===== EXCERPTED DATA =====
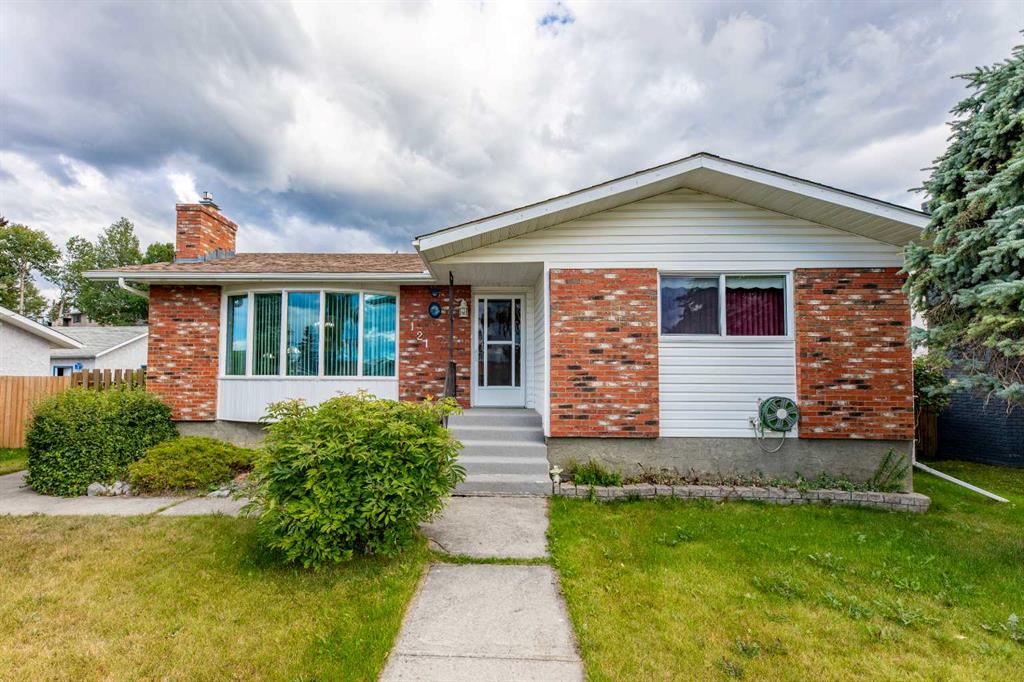 Picture of 121 Talbot Drive , Hinton Real Estate Listing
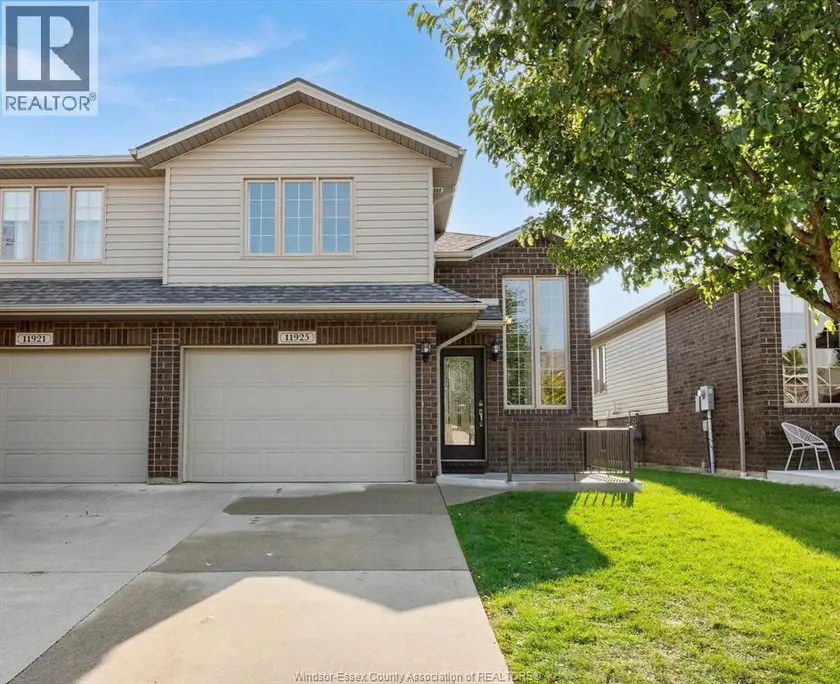 Semi-Detached/Link at 11925 BOULDER CRESCENT, Windsor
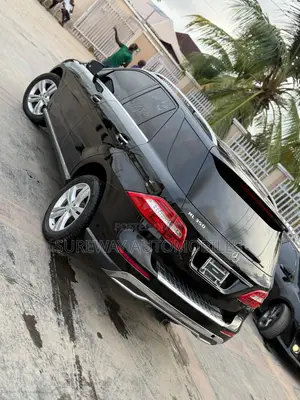 Mercedes-Benz M Class ML350 4MATIC 4dr SUV AWD (3.5L 6cyl 7A) 2015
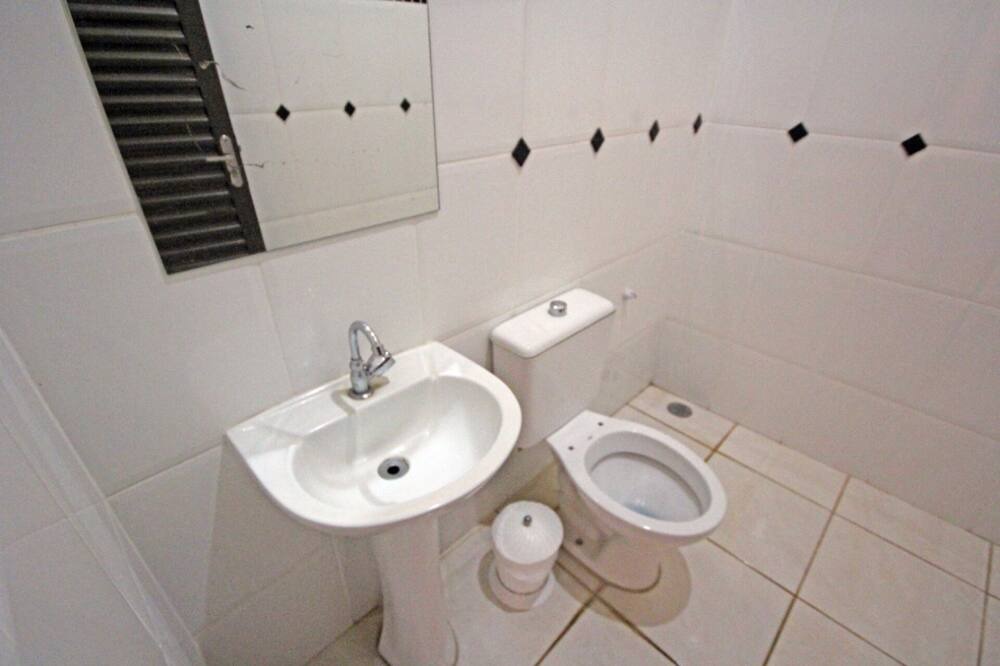 Photo of Bathroom in Olimpia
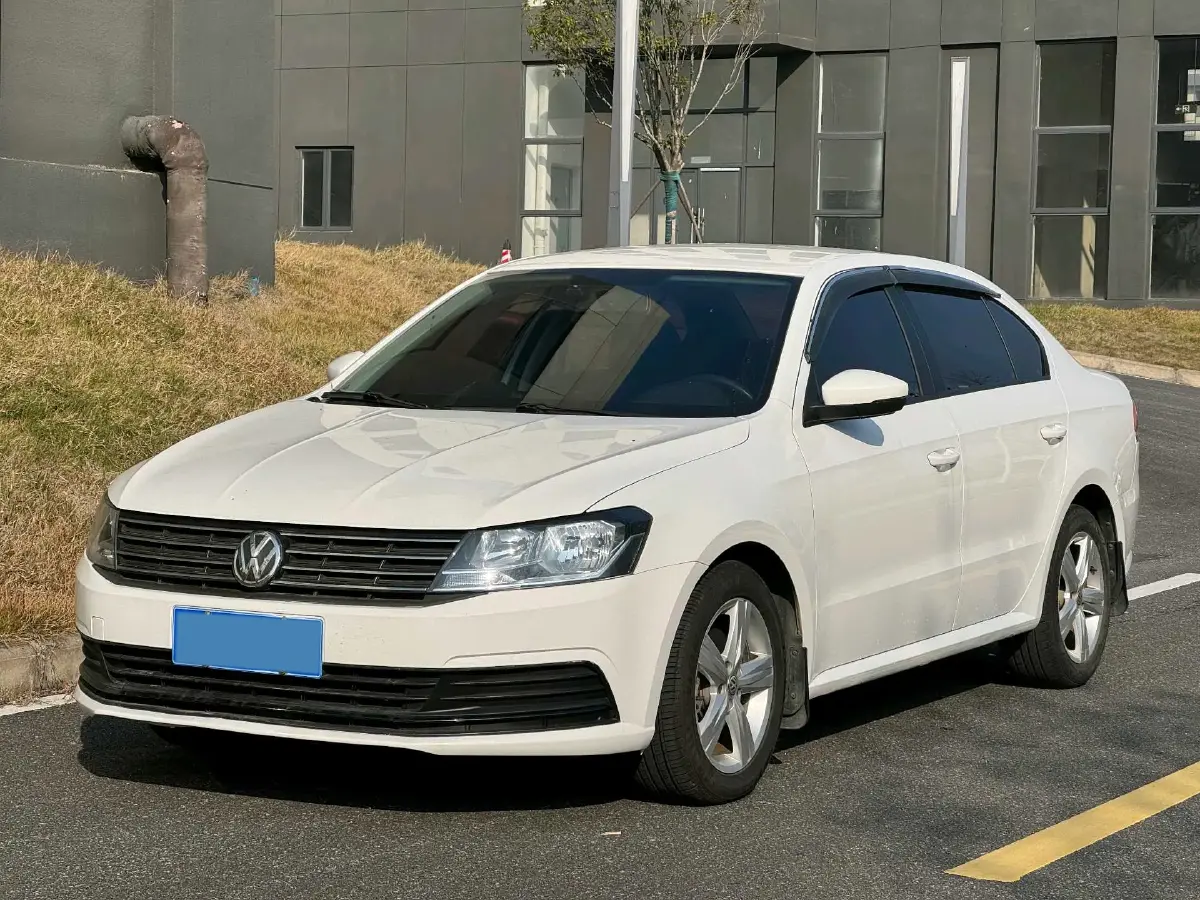 2017 Volkswagen Lavida 1.6L 110HP L4 6AT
=====
DESCRIPTION OF THE TASK
A faithful, word-for-word copy of the records above, pictures left out, is the answer.

ANSWER BELOW
 Picture of 121 Talbot Drive , Hinton Real Estate Listing
 Semi-Detached/Link at 11925 BOULDER CRESCENT, Windsor
 Mercedes-Benz M Class ML350 4MATIC 4dr SUV AWD (3.5L 6cyl 7A) 2015
 Photo of Bathroom in Olimpia
 2017 Volkswagen Lavida 1.6L 110HP L4 6AT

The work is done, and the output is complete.